2) Symphony No. 3 ‘Eroica’, Op. 55 (1804)

Two years later, Beethoven made his single most stunning advance with his Third Symphony. Not only is it the longest symphony written up to that time, it also has, in a vague way, a subject matter, as indicated by its title. Forget about Napoleon, as Beethoven did. This is about the heroic spirit in general, not one instance of it.

After its initial two hammer blows, it surges into a prolonged movement in which passages of lyric beauty give way, time and again, to terrifying onslaughts. The second movement – greatest of all funeral marches – shows who won. That movement itself ends by crumbling into silence.

The third movement, a simmering, rollicking Scherzo with a lusty trio for three horns, shows that Beethoven is not going to take death lying down; the last, a set of variations, takes the ‘Eroica’ theme and shows how many kinds of joy are possible. After this, nothing could be the same.

3) String Quartet in F, Op. 59 No. 1 ‘Razumovsky’ (1806)

Beethoven perhaps kept his deepest feelings for string quartets, of which he wrote three sets: early, middle and late, and a couple of isolated ones. This first of three so-called ‘Razumovsky’ quartets is a work on a huge scale, once more breaking the mould of its genre.

Its soaring opening melody is utterly captivating, not least to its own composer who stole it, modified, for a later chamber work. The teasing Scherzo has the instruments interrupting one another, while the slow movement plumbs depths that nothing before in Beethoven’s chamber music had.

4) Violin Concerto in D, Op. 61 (1806)

Beethoven’s genius was not primarily for melody; he was much more interested in development and transformation. His Violin Concerto is an exception. Though the basic motif of the huge first movement is five drum notes – as unthematic as can be, yet pervasive – when the full orchestra takes over it is with a soaring melody, taken still further by the soloist who plays some of Beethoven’s most serene, touching music.

There is more drama, oddly, in the slow movement than in the outer ones. Beethoven wrote no cadenza for the soloist, though he did make a piano version of the work and wrote four cadenzas for that, one of which is sometimes adapted for violin.
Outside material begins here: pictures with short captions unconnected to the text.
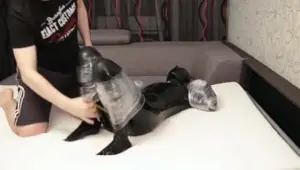 Gimp suit fetish fucking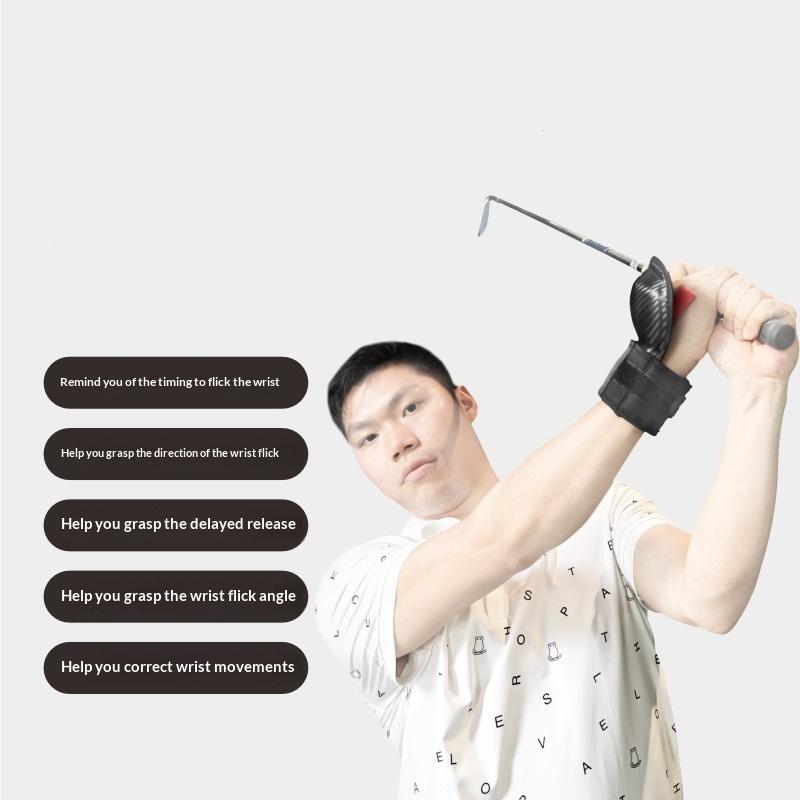 Golf Chipping Wrist Angle Corrector Golf Swing Training Aid Hold Wrist Brace Band Trainer Corrector For All Golfers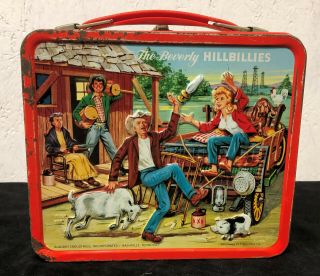 Vintage Metal The Beverly Hillbillies Metal Lunchbox NO Thermos from Aladdin 2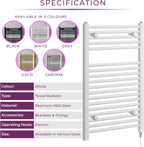 Chrome Electric Towel Radiator Warmer Rail Bathroom Heated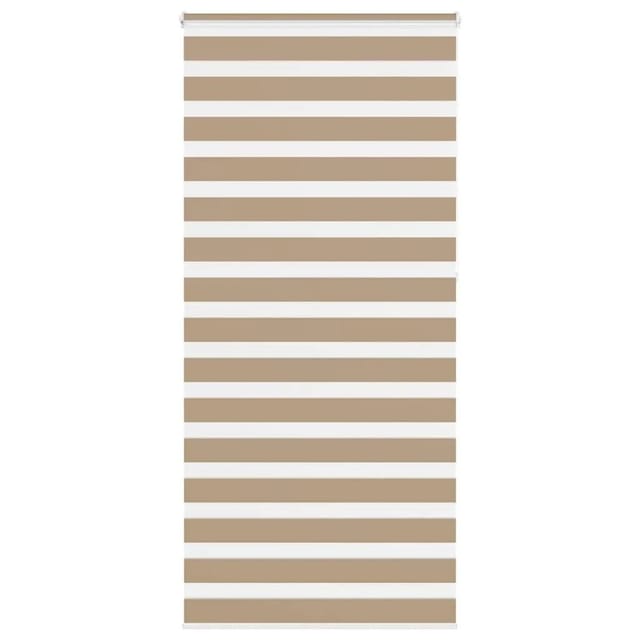 vidaXL Doppelrollo Sandbraun 105x230 cm Stoffbreite 100,9 cm Polyester 4014600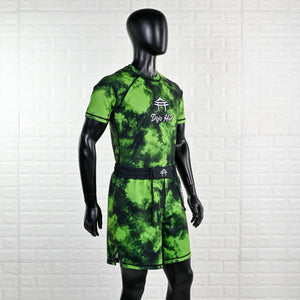 “Green Tie Dye” Short Sleeve Rashguard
5) Symphony No. 5, Op. 67 (1804-8)

If this symphony had a nickname, surely it would be ‘The Unavoidable’. One almost comes to dread those four notes which begin the work and never leave it alone. Yet it remains astonishing in its ferocity and in the uneasy feeling it can – should – give the listener of uncertainty about whether he or she is being attacked or is indeed the attacker.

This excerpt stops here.